Tuesday 14th May 2002 - DAY 104
|Starting point:||Naqu, Tibet|
|Ending point:||Tuotuohe, Qinghai|
|Distanced travelled:||270 miles|
The scenery was much the same as yesterday, except we drove through our highest pass yet at 5273m and there was more snow around on the ground. Just as we were approaching the pass our turbo hose blew - thankfully we had managed to pick up a new (well, secondhand) one in Lhasa, 2 days earlier. Tuotuohe (4700m) turned out to be a tiny place in the middle of nowhere, consisting mainly of red-roofed military buildings. Jill had been advised by the agency that we would be able to stay with the army, but upon finding out that she was with foreigners (the word for foreigner - 'Gwailu' - actually means 'white devil'), we were told to go to a hotel. The only hotel in town was a strange place: walls made of cardboard, ceilings made of interlaced strips of beef noodle packaging, a bucket of manure outside the rooms to fuel a fire and some dodgy looking electric blankets. Still, it was cheap and we weren't charged double prices.

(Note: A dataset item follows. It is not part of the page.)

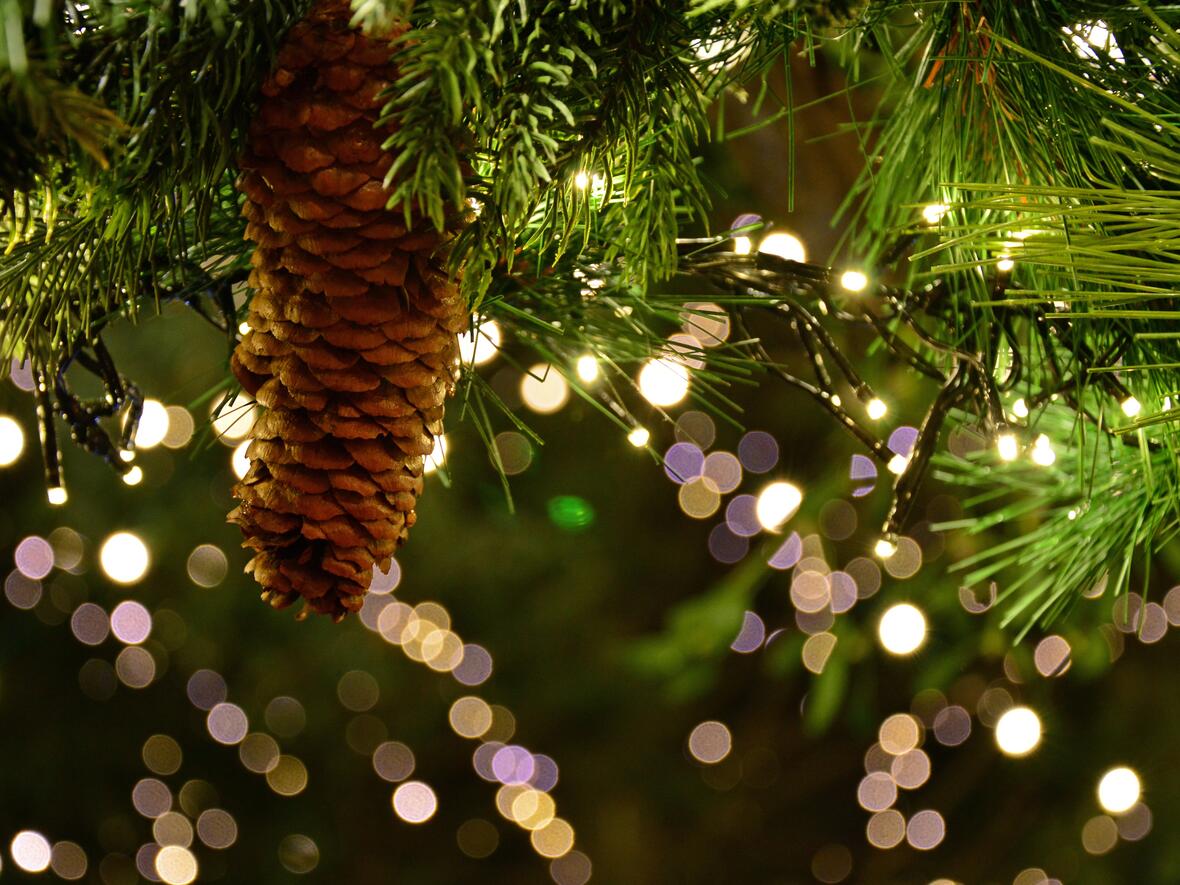 weihnachtsmarkt-allgemein_christmas-garland-3891232_bild-von-peggychoucair-auf-pixabay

Wednesday 15th May 2002 - DAY 105
|Starting point:||Naqu, Qinghai|
|Ending point:||Golmud, Qinghai|
|Distanced travelled:||274 miles|
The road today was particularly bumpy, well 'undulating' I guess would be a better word - we went up and down across the desert and grassland like a boat crossing a sea (with a bit of imagination). Unfortunately all the bumps have caused one of the rear dampers to start leaking, which is not good news as it will eventually need to be replaced - should get us to Oz though, fingers crossed. Golmud wasn't as bleak as we'd been expecting from the description in our guidebook. It's a lot warmer down here, and the drop in altitude is a relief for our heads. We were pleased to find a cheap hotel with hot water and find something to eat other than bland rice, noodles and dumplings.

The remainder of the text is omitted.